Instructions for the task: Copy down every line of the data that follows exactly. Omit the pictures.

BEGIN Given data

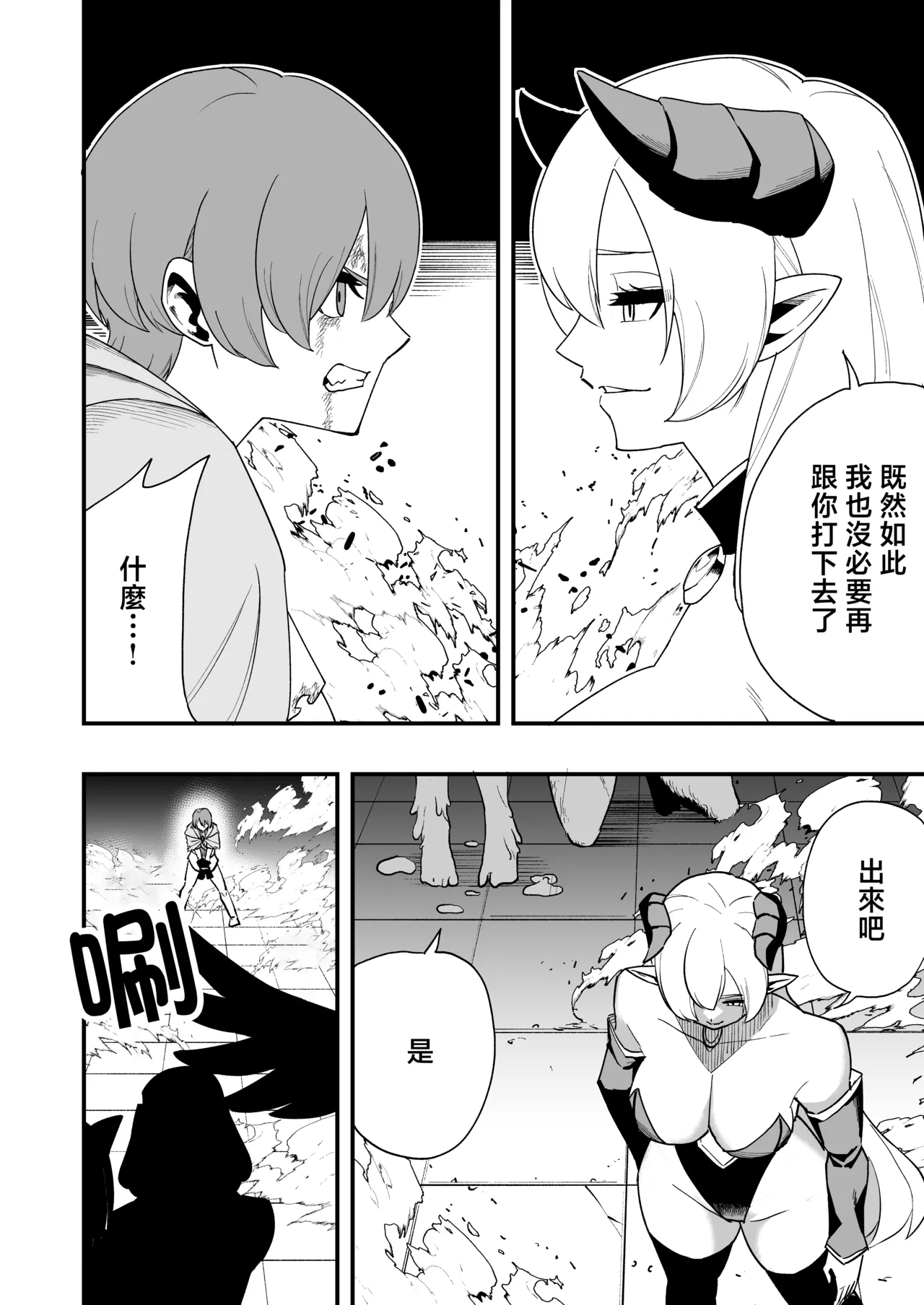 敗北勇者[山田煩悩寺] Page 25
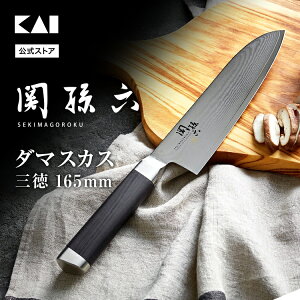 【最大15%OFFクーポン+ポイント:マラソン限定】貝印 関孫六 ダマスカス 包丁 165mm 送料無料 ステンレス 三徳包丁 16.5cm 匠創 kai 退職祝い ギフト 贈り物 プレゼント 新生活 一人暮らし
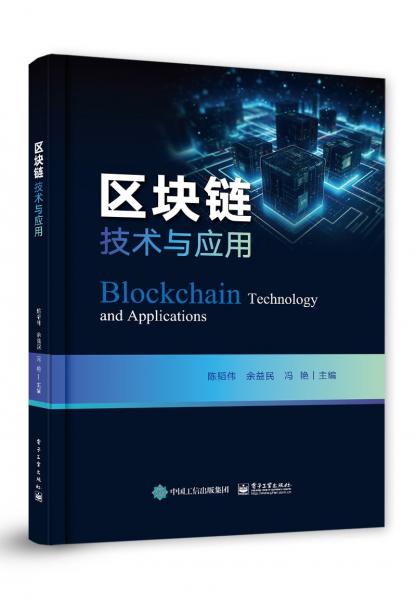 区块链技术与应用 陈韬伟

END Given data

Answer to the exercise:
 敗北勇者[山田煩悩寺] Page 25
 【最大15%OFFクーポン+ポイント:マラソン限定】貝印 関孫六 ダマスカス 包丁 165mm 送料無料 ステンレス 三徳包丁 16.5cm 匠創 kai 退職祝い ギフト 贈り物 プレゼント 新生活 一人暮らし
 区块链技术与应用 陈韬伟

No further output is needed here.